Re: [PATCH v3 6/8] platform/x86/intel/ifs: Implement Array BIST test

From: Hans de Goede
Date: Thu Mar 16 2023 - 06:01:30 EST


Hi,

On 3/13/23 17:37, Joseph, Jithu wrote:
> Hans,
>
> Thank-you very much for the review.
>
> On 3/13/2023 9:24 AM, Hans de Goede wrote:
>
>
>>>
>>> +#define SPINUNIT 100 /* 100 nsec */
>>> +static atomic_t array_cpus_out;
>>
>> This variable is only inc-ed + read, it is never reset to 0
>> so the "while (atomic_read(t) < all_cpus)"
>> check only works for the first test run.
>>
>
> It is reset to zero as annotated below. Let me know if this doesn't address your concern.

Ah, I somehow missed that despite looking for it twice, yes that is fine.

>> Also even static atomic_t variables must be initialized, you cannot
>> assume that using using zeroed mem is a valid value for an atomic_t.
>>
>> And this is also shared between all smt pairs, so if 2 "real"
>> CPU cores with both 2 sibblings are asked to run IFS tests at
>> the same time, then array_cpus_out will get increased 4 times
>> in total, breaking the wait_for_sibbling loop as soon as
>> the counter reaches 2, so before the tests are done.
>
> Only one IFS test is allowed at a time. This is done using "ifs_sem" defined in sysfs.c

Ah I see.

After taking a closer look I do see one unrelated issue with this patch
sysfs.c: run_test_store() does:

if (!ifsd->loaded)
rc = -EPERM;
else
rc = do_core_test(cpu, dev);

But AFAICT the loaded check really only applies to the first (intel_ifs_0 device) test type and the
Array BIST test should work fine when loaded is false.
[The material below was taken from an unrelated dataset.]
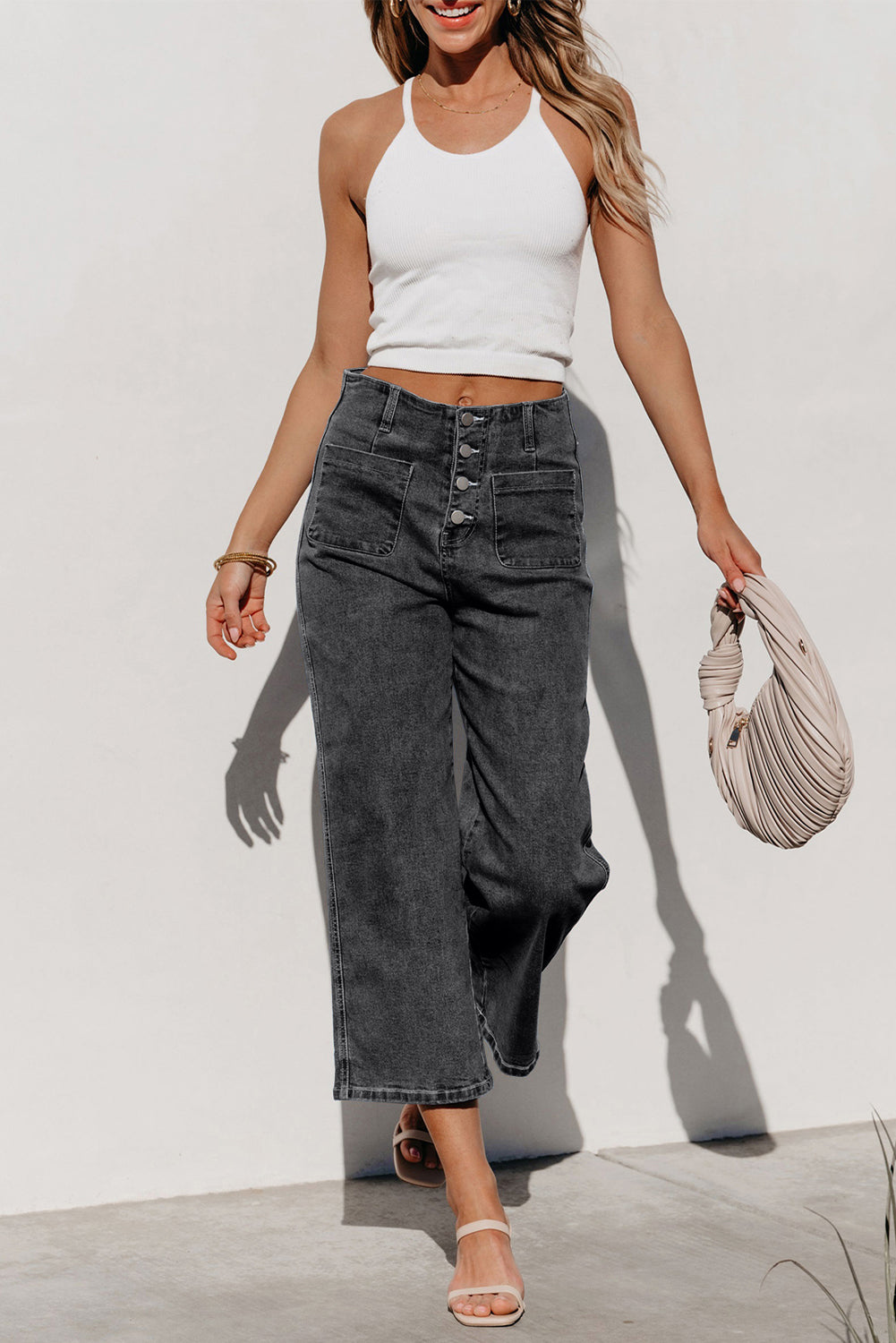 Sail Blue High Waist Button Front Wide Leg Cropped Jeans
So I think that the if (!ifsd->loaded) error check should be moved to
ifs_test_core() ?

Regards,

Hans


>
> ...
>
>>> +static void ifs_array_test_core(int cpu, struct device *dev)
>>> +{
>>> + union ifs_array command = {};
>>> + bool timed_out = false;
>>> + struct ifs_data *ifsd;
>>> + unsigned long timeout;
>>> +
>>> + ifsd = ifs_get_data(dev);
>>> +
>>> + command.array_bitmask = ~0U;
>>> + timeout = jiffies + HZ / 2;
>>> +
>>> + do {
>>> + if (time_after(jiffies, timeout)) {
>>> + timed_out = true;
>>> + break;
>>> + }
>>> + atomic_set(&array_cpus_out, 0);
>
> The above line is where the zero initialization happens before every test.
>
>>> + stop_core_cpuslocked(cpu, do_array_test, &command);
>>> +
>>> + if (command.ctrl_result)
>>> + break;
>>> + } while (command.array_bitmask);
>>> +
>>> + ifsd->scan_details = command.data;
>>> +
>>> + if (command.ctrl_result)
>>> + ifsd->status = SCAN_TEST_FAIL;
>>> + else if (timed_out || command.array_bitmask)
>>> + ifsd->status = SCAN_NOT_TESTED;
>>> + else
>>> + ifsd->status = SCAN_TEST_PASS;
>>> +}
>
> Jithu
>